DATA FOR REVIEW
____
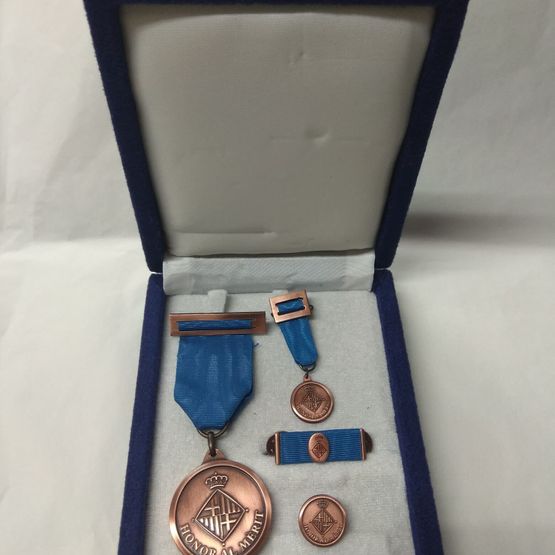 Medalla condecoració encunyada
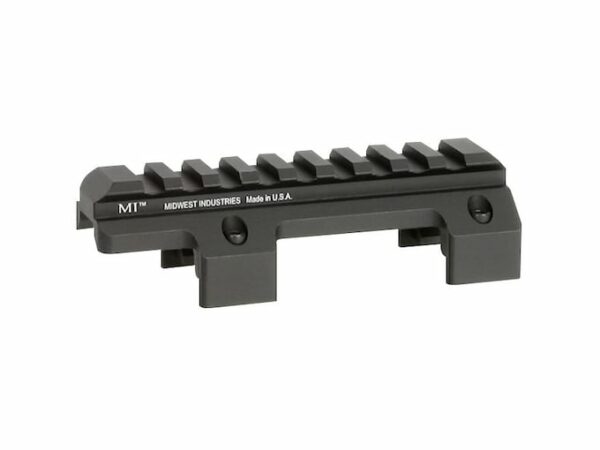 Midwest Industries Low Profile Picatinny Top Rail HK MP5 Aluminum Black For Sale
____
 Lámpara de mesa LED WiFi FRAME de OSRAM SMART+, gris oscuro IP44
____
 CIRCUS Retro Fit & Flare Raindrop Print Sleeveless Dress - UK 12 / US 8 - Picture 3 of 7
____
In the listing above, find the line containing "Medalla condecoració encunyada" and the line containing "Midwest Industries Low", then write out both of them and every line between, exactly, with no pictures.

 Medalla condecoració encunyada
 Midwest Industries Low Profile Picatinny Top Rail HK MP5 Aluminum Black For Sale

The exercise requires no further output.